Doesn’t mean you aren’t a HPOA.
Good for you for keeping up the running, girl. Hard work and something you can easily keep doing while traveling. I can’t remember if you’ve mentioned this before - do you have a Garmin Forerunner?
Hey, Shannon. I don’t have a Garmin Forerunner. I’ve been using the iMapMyRun app for the iphone, which uses GPS to track where I go and calculate pace, speed, etc. I’m giving up my iPhone service when we leave, though, so that leaves me without a map. Not sure how this will translate into running in other countries. I’ll have to check into this Garmin thingy.
Thanks for sharing such a truthful, fun story. There’s such a big difference between confidence and arrogance and being able to laugh at ourselves is the best.
JLouise, thankfully I learned to laugh at myself a long time ago. Then again, I give myself a lot of opportunities to learn how to do that.
You can’t take yourself too seriously, and when you do, life is always there to remind you to stop doing that.
LOL…I can so relate…I’ve also been feeling full of myself lately because I’m eating mostly raw and vegan, my skin looks great, I’ve lost a little weight….then I take my friend’s 5 year old son to the bathroom for an emergency run at PCC market. Well, I figure I may as well pee, too, while we’re there. So I pull down my jeans, and he looks at me with this shocked look on his face, and says, “Lala, your legs are huge! I mean, really fat!” And he crinkles up his face and makes a motion with his hands like he’s kneading lumpy raw dough. Little bastard! Anyway, I just laughed and said, “You’re right, Eli, they sure are!”. His tiny size 6 mother nearly died when I relayed the story back in the car. Very funny stuff!

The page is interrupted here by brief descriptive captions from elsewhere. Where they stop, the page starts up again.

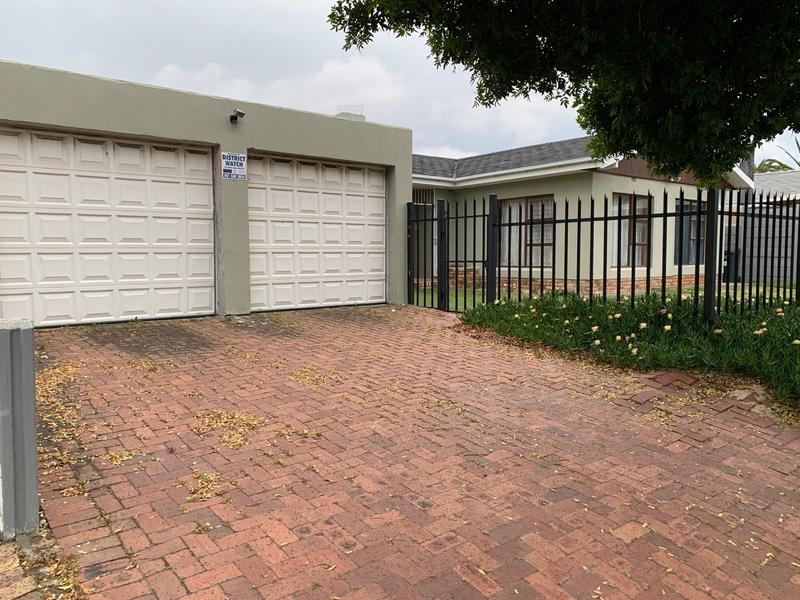 4 Bedroom Property for Sale in Monte Vista Western Cape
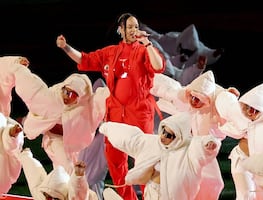 Los momentos icónicos de Rihanna en el show de medio tiempo del Super Bowl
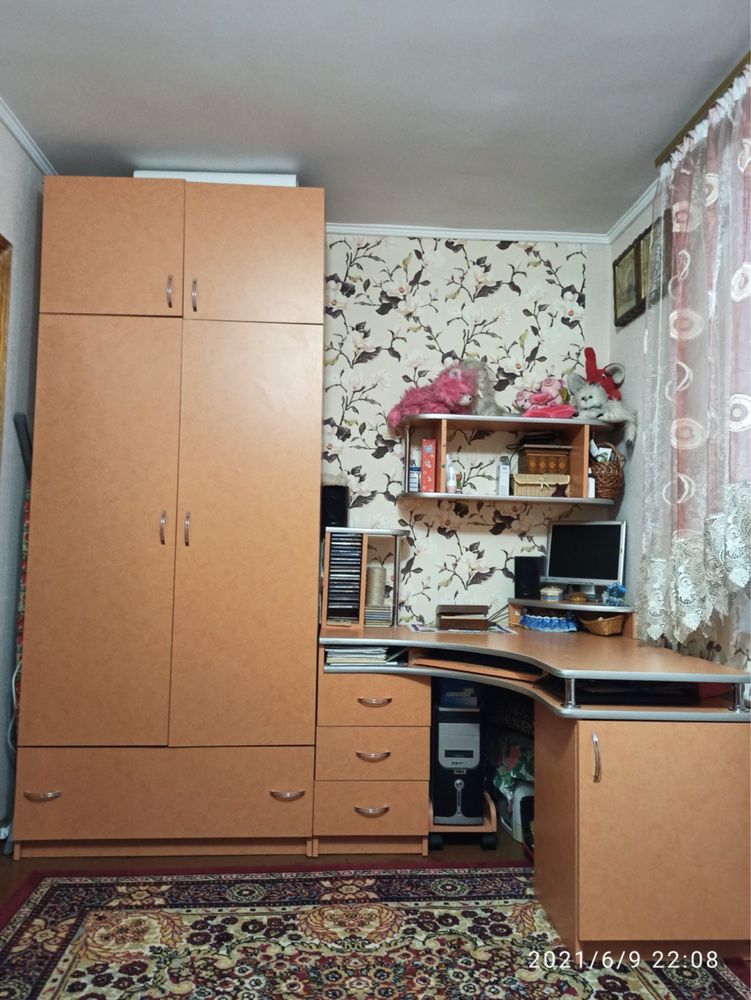 Продам шафу та письмовий стіл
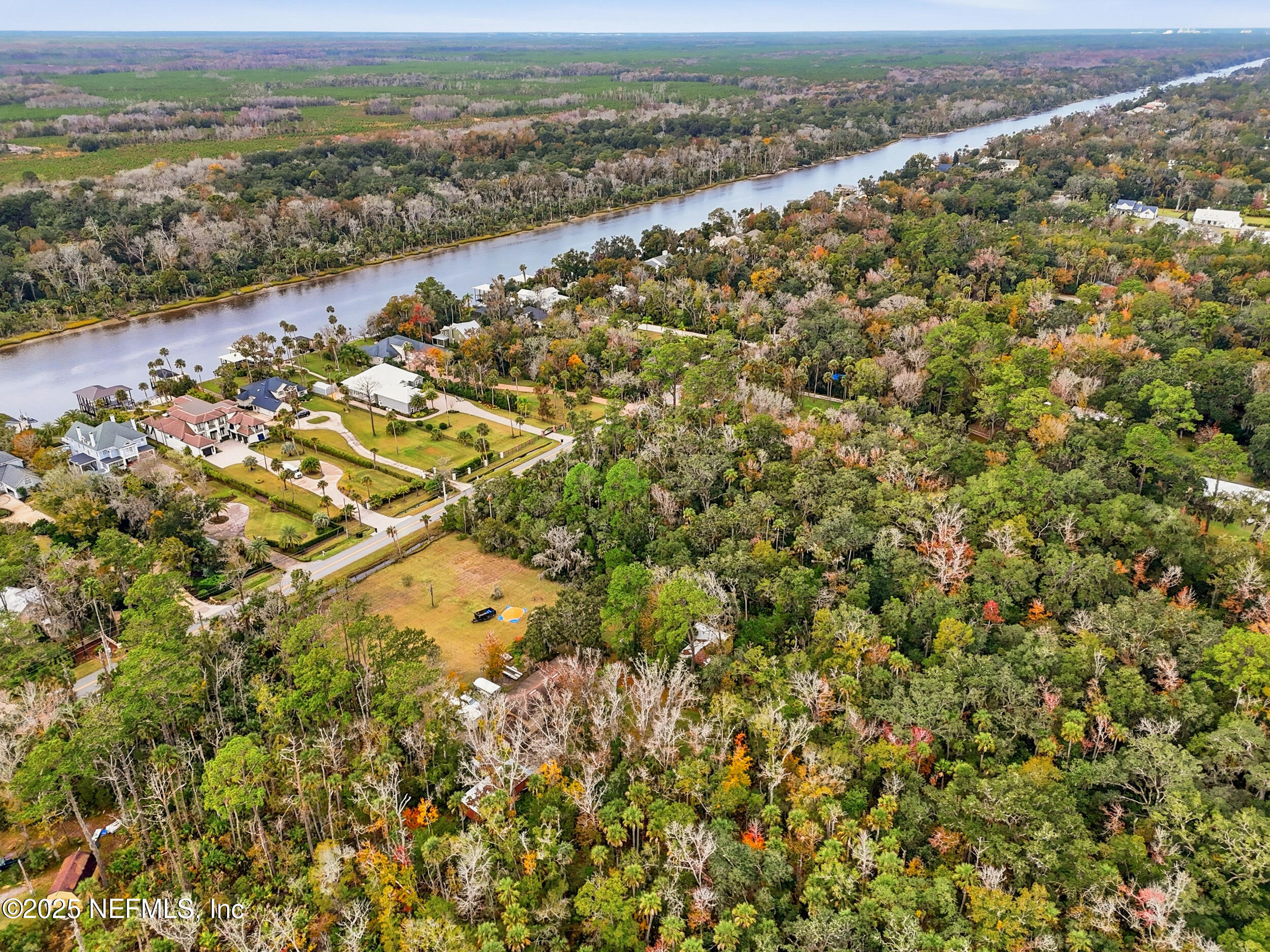 140 S ROSCOE Boulevard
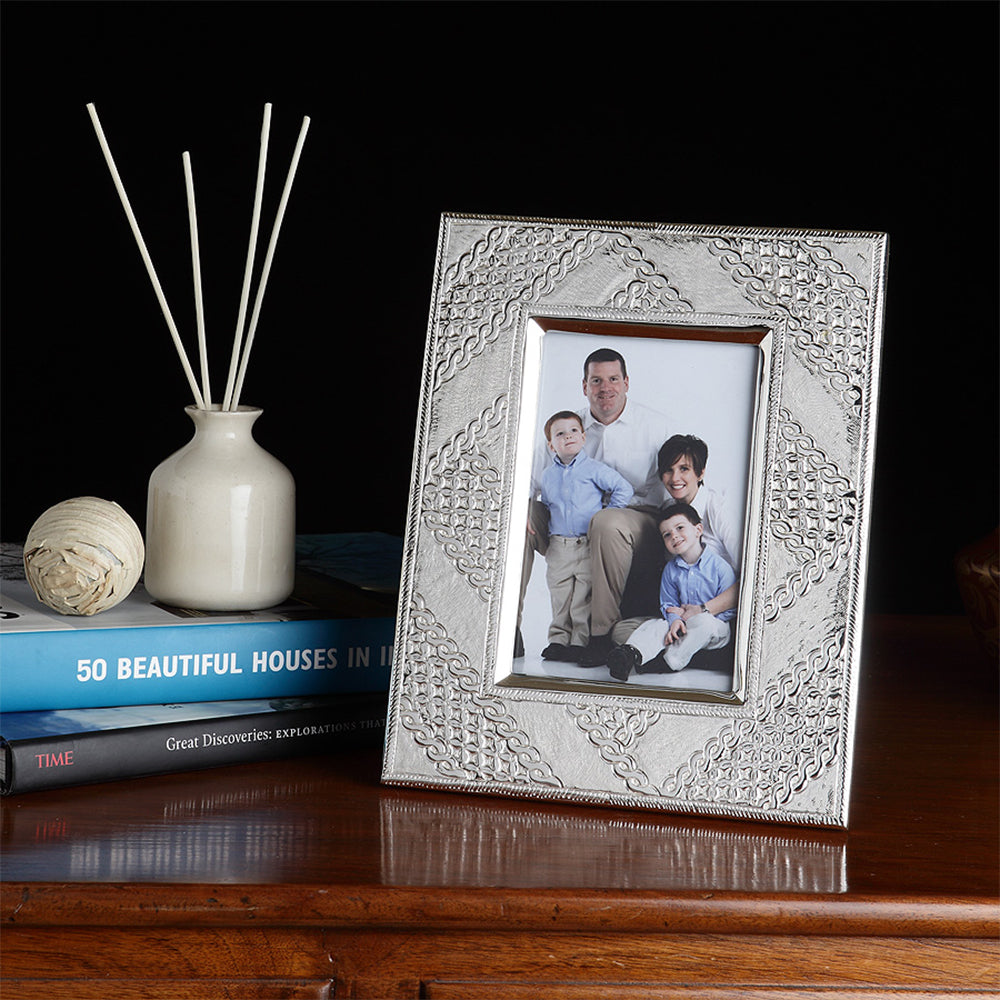 DESIGNED PHOTO FRAME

Alisa, that cracks me up! Leave it to a little kid to burst any bubble you have created about yourself, huh? Why is it we have to be nice to them again?
Good for you for eating better and sticking with the program.
Great story and i love your new hair style! So chic and coastal.
Thanks, Cathy. Love your new avatar!
Well Betsy that is a funny story! I thought that you were going to say, that you were overtaken by a younger hotter POA and that was who the construction guys had been yelling at
At least it was just a bunch of tourists! Good story, thanks Warren for having the idea of videoing it! Have you had the tattoo yet? How did it go???
Hey Judy,
I am posting a new post tomorrow morning with pictures of the new tattoo. I look forward to your thoughts.
hehehehe…great story. Very funny. I enjoyed that, thanks!
That was so funny to watch!
I, too, love to laugh at myself when I catch myself doing something silly or embarassing. Which is often. I think’s it’s a good lesson for my/our kids to learn, not to take themselves so seriously.
And I also have come to learn that the minute I start feeling too over-confident … something will come along in life to remind me to be more humble.